━━━ Records provided ━━━

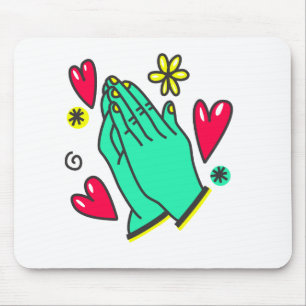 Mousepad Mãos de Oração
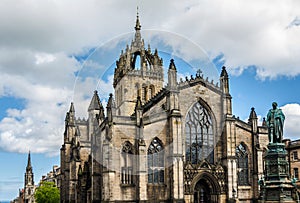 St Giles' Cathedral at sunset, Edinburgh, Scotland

━━━
━━━ Records provided ━━━

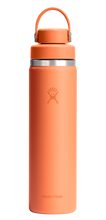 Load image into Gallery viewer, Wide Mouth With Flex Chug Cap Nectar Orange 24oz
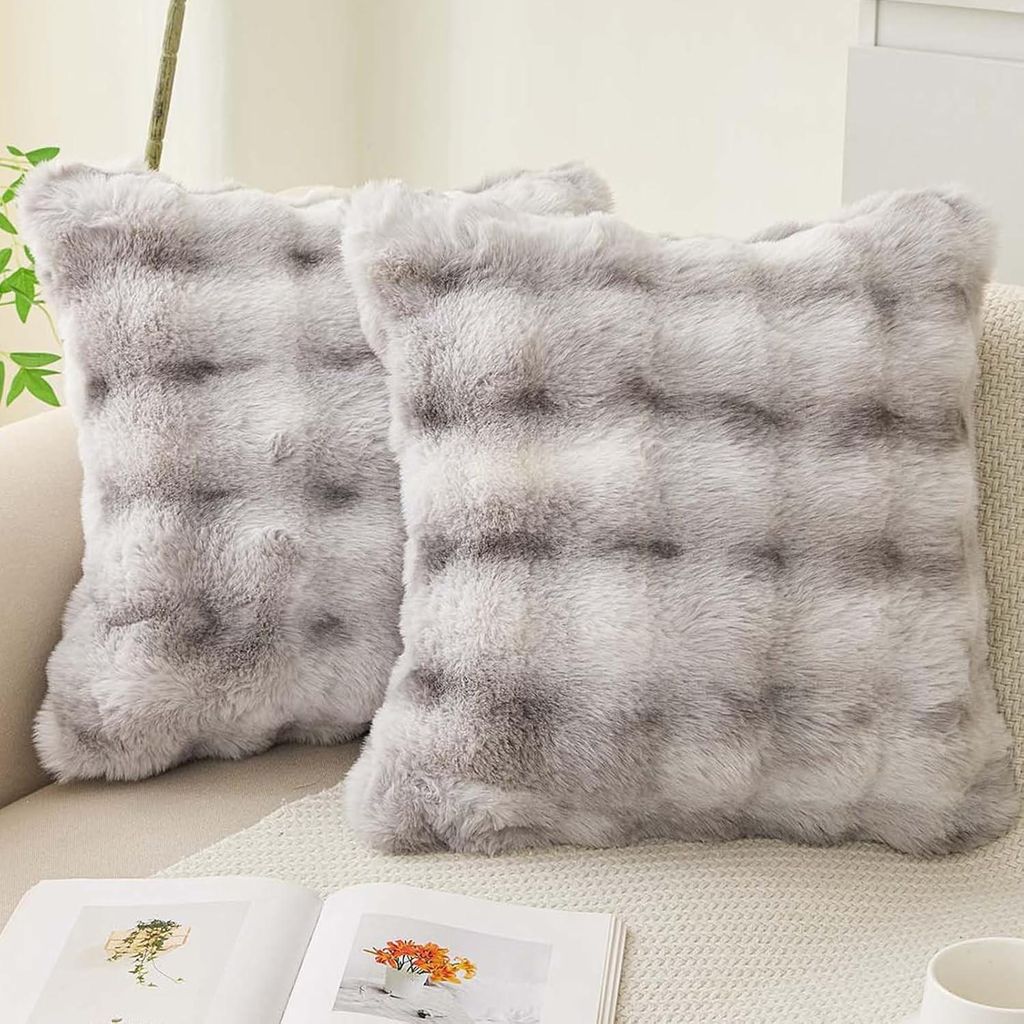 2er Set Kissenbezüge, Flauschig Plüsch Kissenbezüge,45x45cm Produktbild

━━━
━━━ Records provided ━━━

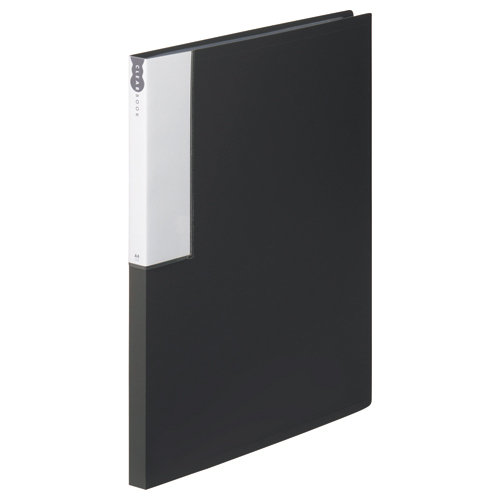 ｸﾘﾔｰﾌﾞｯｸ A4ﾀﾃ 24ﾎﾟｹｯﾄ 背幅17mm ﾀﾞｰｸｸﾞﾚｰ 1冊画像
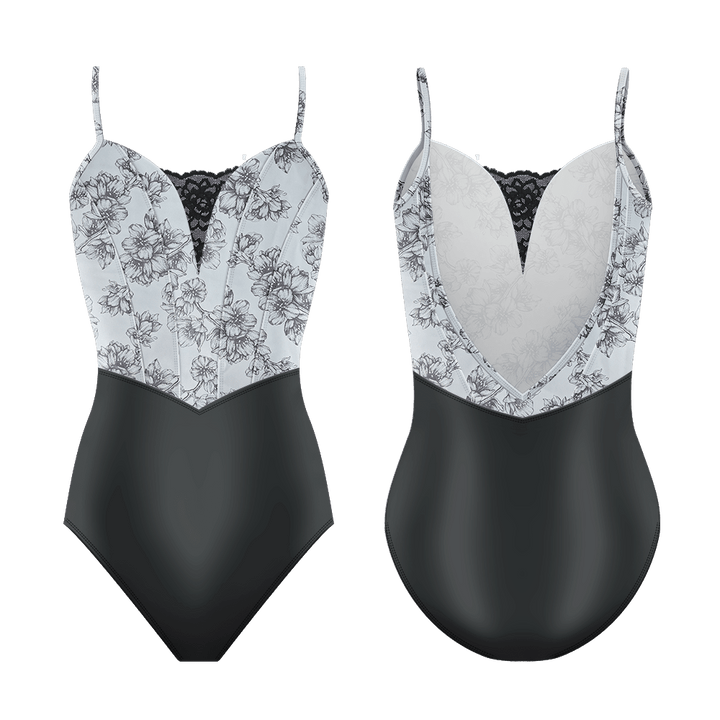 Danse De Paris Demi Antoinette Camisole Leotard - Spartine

━━━

■ **Task instructions**
From the material above, output only the span of lines that starts at the one containing "Mousepad Mãos de Oração" and finishes at the one containing "St Giles' Cathedral", word for word and free of pictures.

■ **Solved problem**
 Mousepad Mãos de Oração
 St Giles' Cathedral at sunset, Edinburgh, Scotland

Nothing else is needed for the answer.